Making science communication material – a case study of the cyborg project at NTNU

In this project, we explore research dissemination and public engagement in the cyborg project at the Norwegian University of Science and Technology (NTNU): https://www.ntnu.edu/cyborg

In the cyborg project, human neurons are used as components in robotics, creating a hybrid between human and machine, or a cyborg. This technology can contribute to progress in several different technological fields. Neural networks are faster and more energy efficient than our best transistor based computers and exploring the use of neurological components in robotics can therefore contribute to the development of next generation computing. By creating interfaces between traditional electric components and neurological components, the project also contributes to the development of medical technologies like prostheses and synthetic organs.
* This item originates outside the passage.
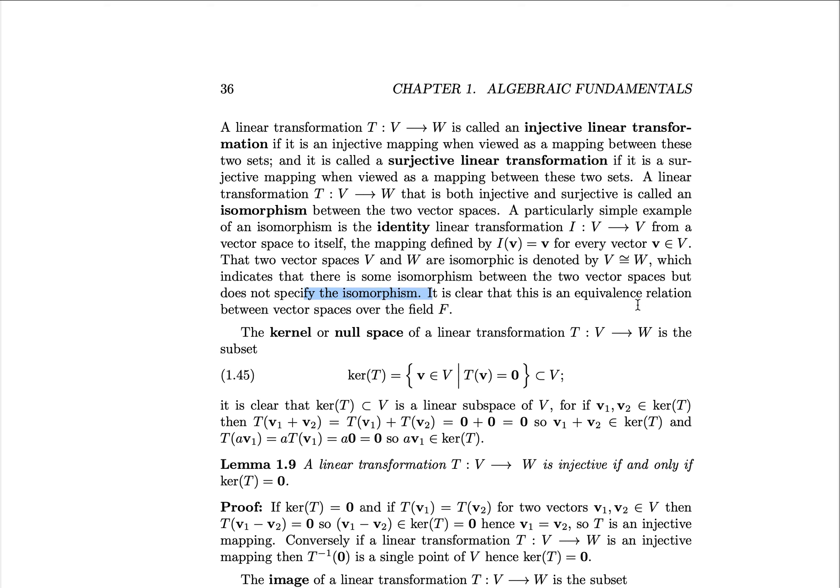You can check that this is an equivalence relation between two vector spaces — namely that it's reflexive, symmetric, and transitive — the last coming from the fact that a composition of isomorphisms is still an isomorphism.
This type of technology is of great interest to society, not only because of the benefits it can bring, but also because people might have ethical and societal concerns. In the perspective of Responsible Research and Innovation, we are interested in, among other things, how the gap between research and society can be bridged. By allowing for democratization of the research and innovation process, citizens can present their concerns and give input to scientists before and during the technological development, so that the results fit better with the needs and values of society.

The cyborg project is special in that it gives basic research a material expression in the form of a cyborg. Our hypothesis is that this has the potential to generate attention, and to trigger other debates than if the research is presented without this material expression. We will seek to gain understanding of such issues by conducting experiments where we put researchers and lay people together in workshops where we vary how the technology is presented (i.e. with a focus on the cyborg versus the basic research). In our research, we want to explore the potential benefits and disadvantages of such different approaches to research communication.

The project runs in the period March 2018 until May 2020 and was a response to the Research Council of Norway’s call FORSKKOMM.